My question now is how, if any way, can I speed up this calculation?

To be a bit frank, I think the code “looks simple” and I’ve seen a lot more complex codes with something about shared memory and other tricks etc. If I wish to save the intermediate results as I do in the code currently, would there be any way to speed this up?

Kind regards

As you’re doing a pure element-wise transformation, shared memory and other tricks are not relevant here. See Training/2-2-kernel_analysis_optimization.ipynb at master · JuliaComputing/Training · GitHub for other optimization advice; you’ll have to use the profiler tools to squeeze the last out of this kernel. You may want to mark your entire `for` look `@inbounds`, and avoid unneeded 64-bit registers to reduce register pressure.

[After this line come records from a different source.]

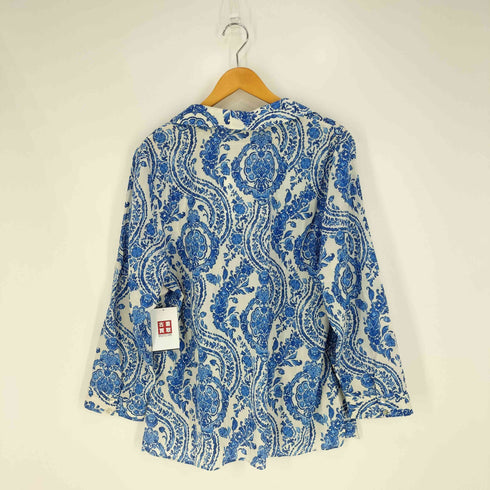 ザラ ZARA ペイズリー柄 シャツブラウス レディース import:L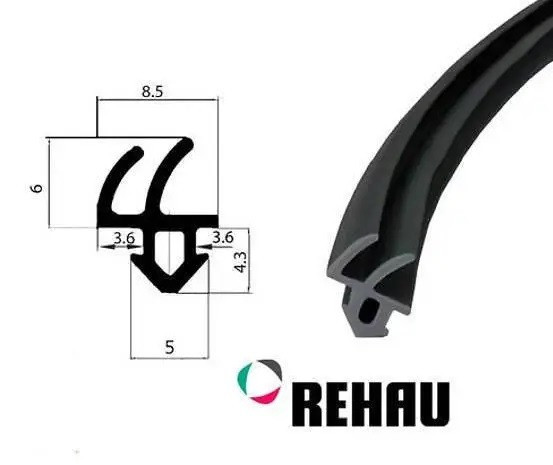 Ущільнювальна гума притвору Rehau EPDM Оригінал чорна Київ - зображення 1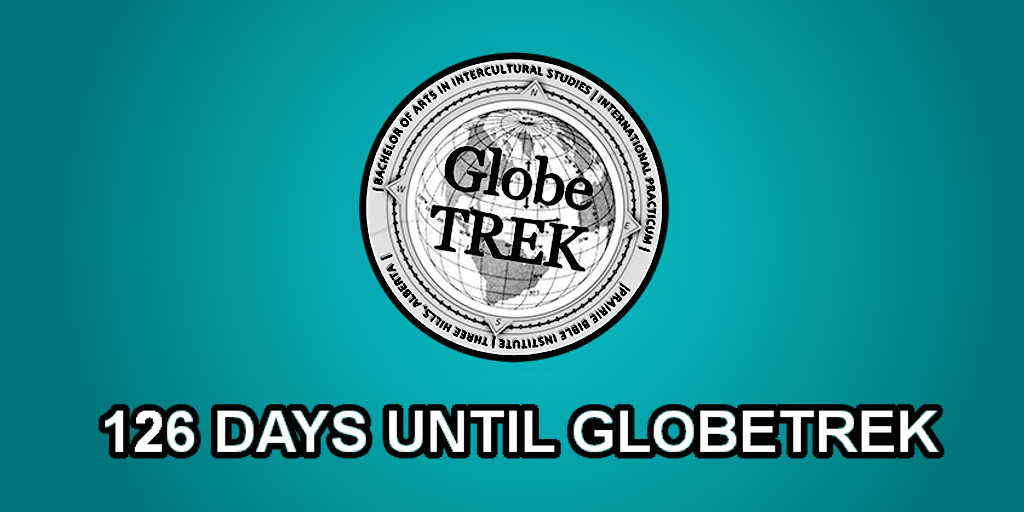 The days left until I leave for GlobeTrek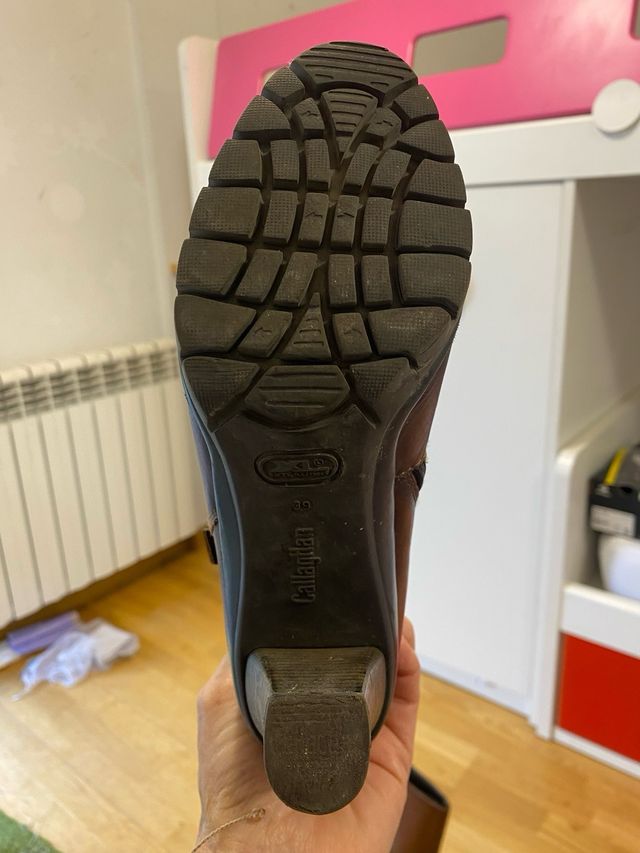 Botas de piel Callaghan Talla 39 Marrones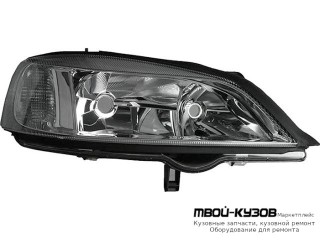 ФАРА ЛЕВАЯ СТОРОНА ПОД КОРРЕКТОР ВНУТРИ (DEPO) ЧЁРНЫЙ для Opel ASTRA (03.1998 - 2003)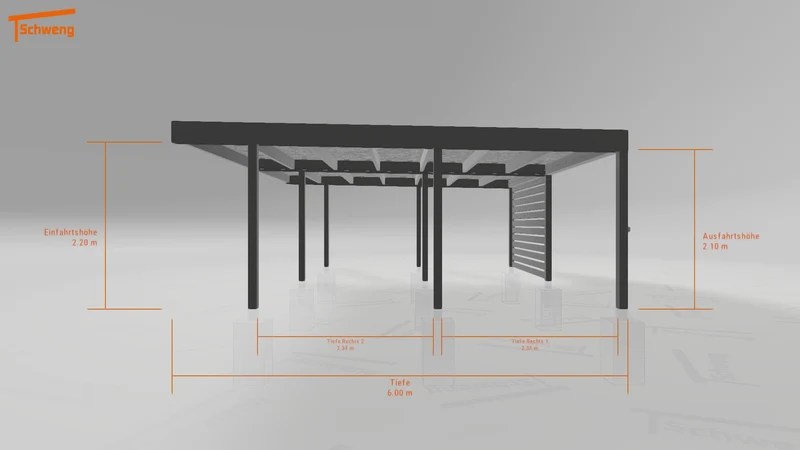 #DE Schweng Flachdachcarport C600+ (ID 9wv2j5) #MTG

Also try playing with different launch configurations, what’s returned by the occupancy API isn’t always optimal for your specific hardware.

2 Likes

Thank you for the hints!

I tested @inbounds in front of the loop and unfortunately no effect (or perhaps nice that the compiler did it it self!)

I tested launch configs and found that I could not find any beating my current launch config

I did not look into profiling on GPU, but all of that is also a bit out of my league now I think. For now I will accept this performance so I can develop the rest of what I want and hopefully gain more skill meanwhile

EDIT: I could not get registers below 29 for GPU_GRAD kernel, only with “maxregs” option set to 8, which turned registers to 16 - but worse performance by 4 times

Kind regards